*Requirement:* Leaving out the pictures, return word for word the stretch of entries below from the line holding "Sobriety PDF Online" through the line holding "Cute Canadian Sphynx".

*Supplied records:*
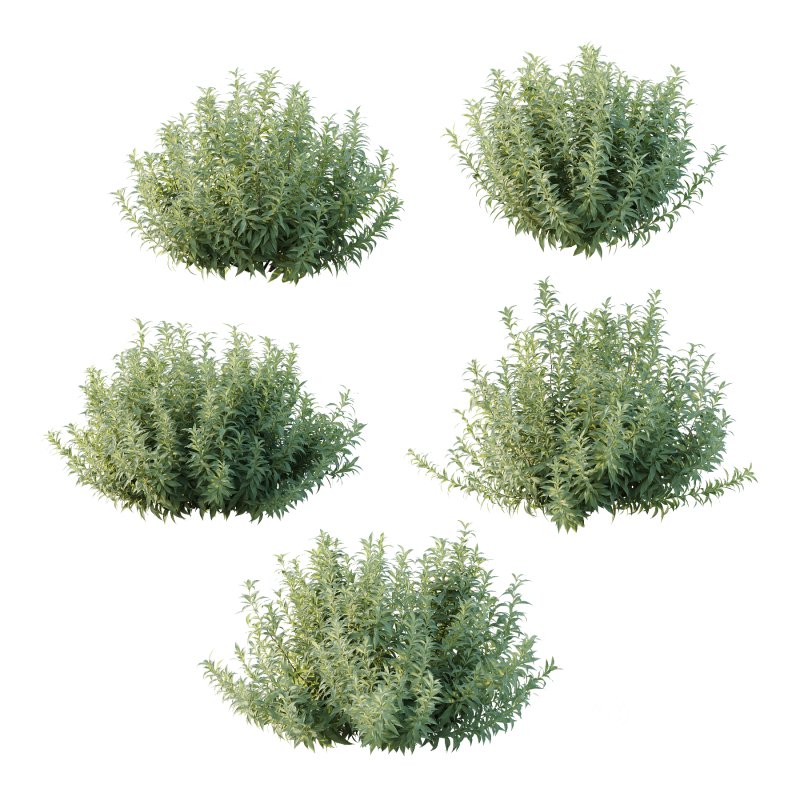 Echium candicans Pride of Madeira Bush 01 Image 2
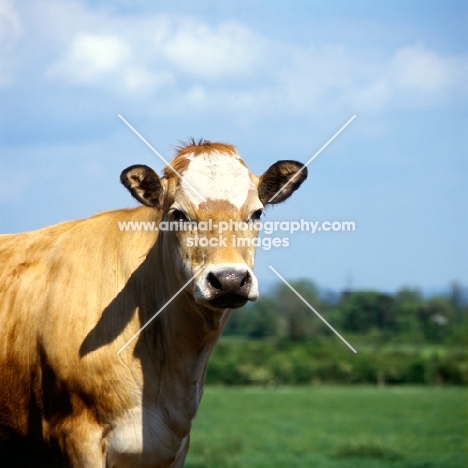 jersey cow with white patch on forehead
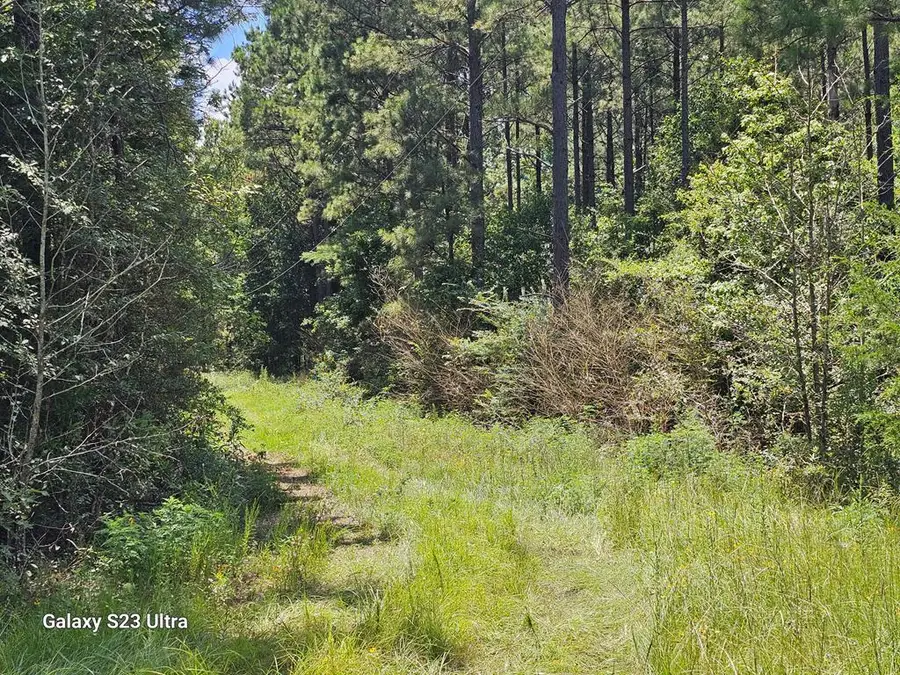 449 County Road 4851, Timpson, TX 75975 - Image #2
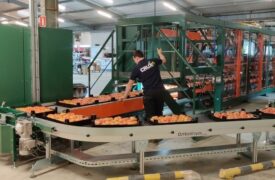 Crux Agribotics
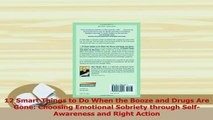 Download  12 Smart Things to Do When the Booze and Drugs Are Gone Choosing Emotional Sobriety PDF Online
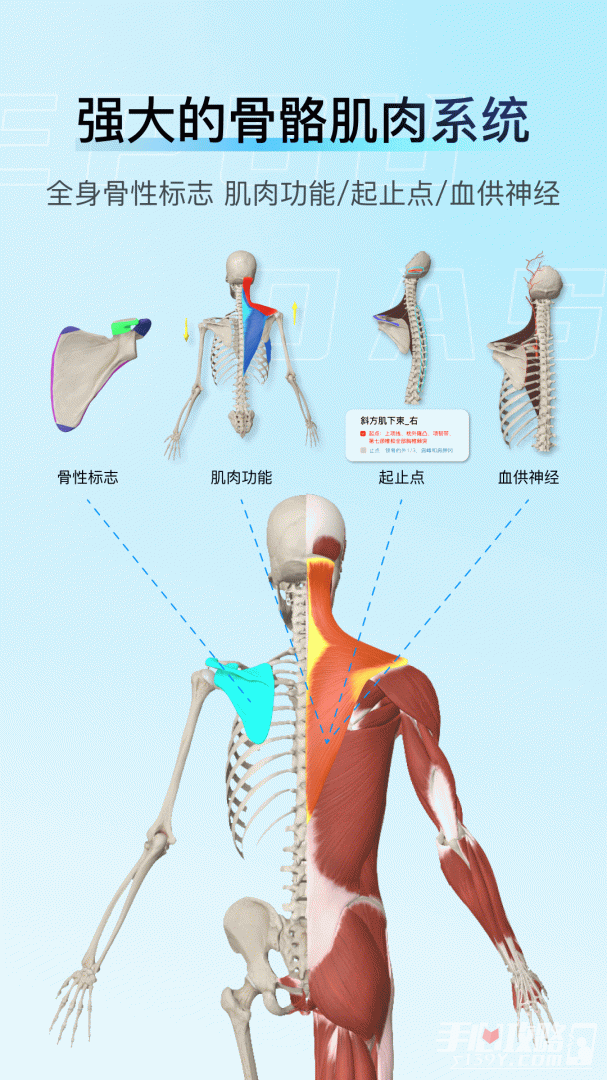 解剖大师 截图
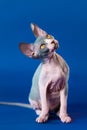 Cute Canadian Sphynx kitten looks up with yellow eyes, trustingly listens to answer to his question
...
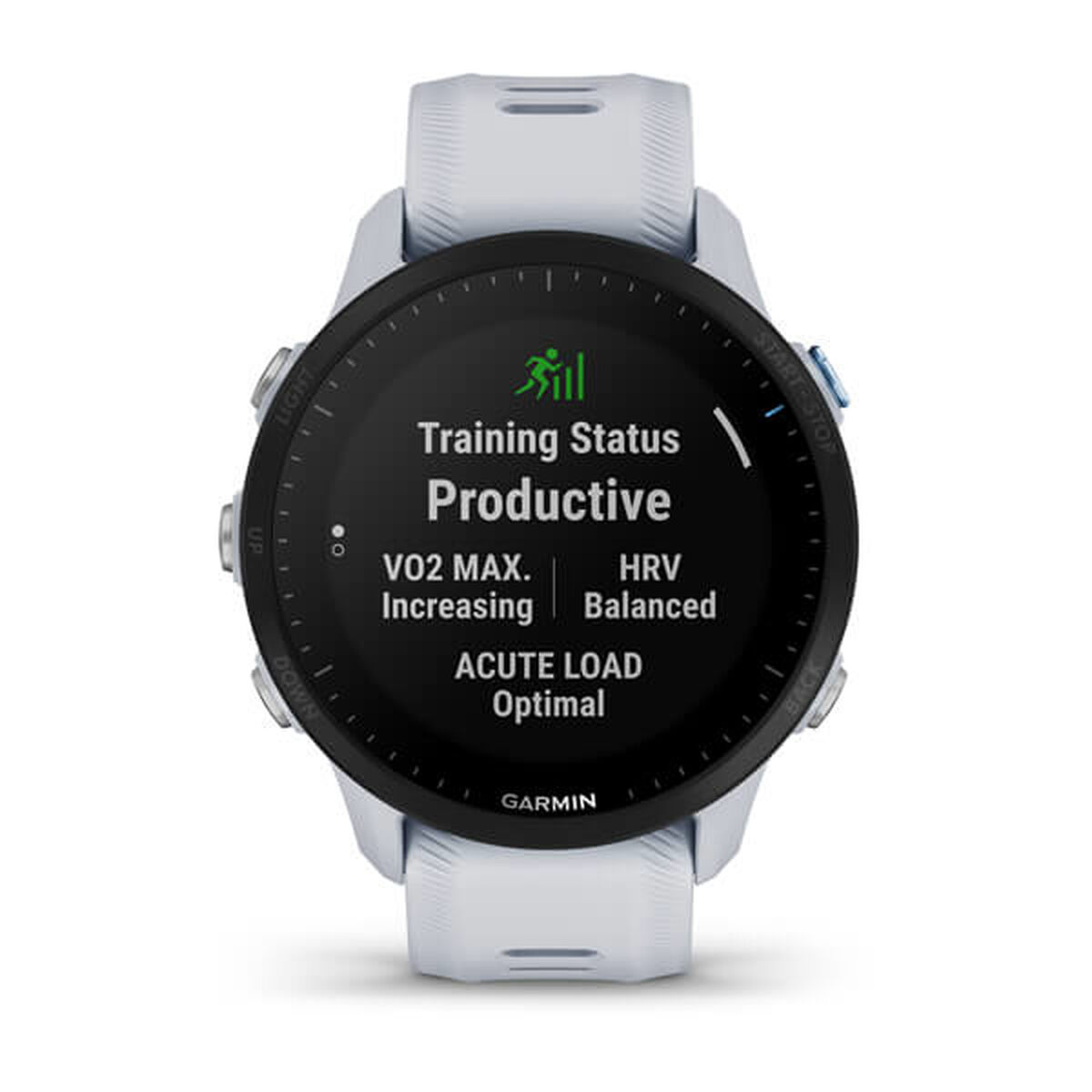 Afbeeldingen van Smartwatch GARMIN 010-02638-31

*Solution to this exercise:*
 Download  12 Smart Things to Do When the Booze and Drugs Are Gone Choosing Emotional Sobriety PDF Online
 解剖大师 截图
 Cute Canadian Sphynx kitten looks up with yellow eyes, trustingly listens to answer to his question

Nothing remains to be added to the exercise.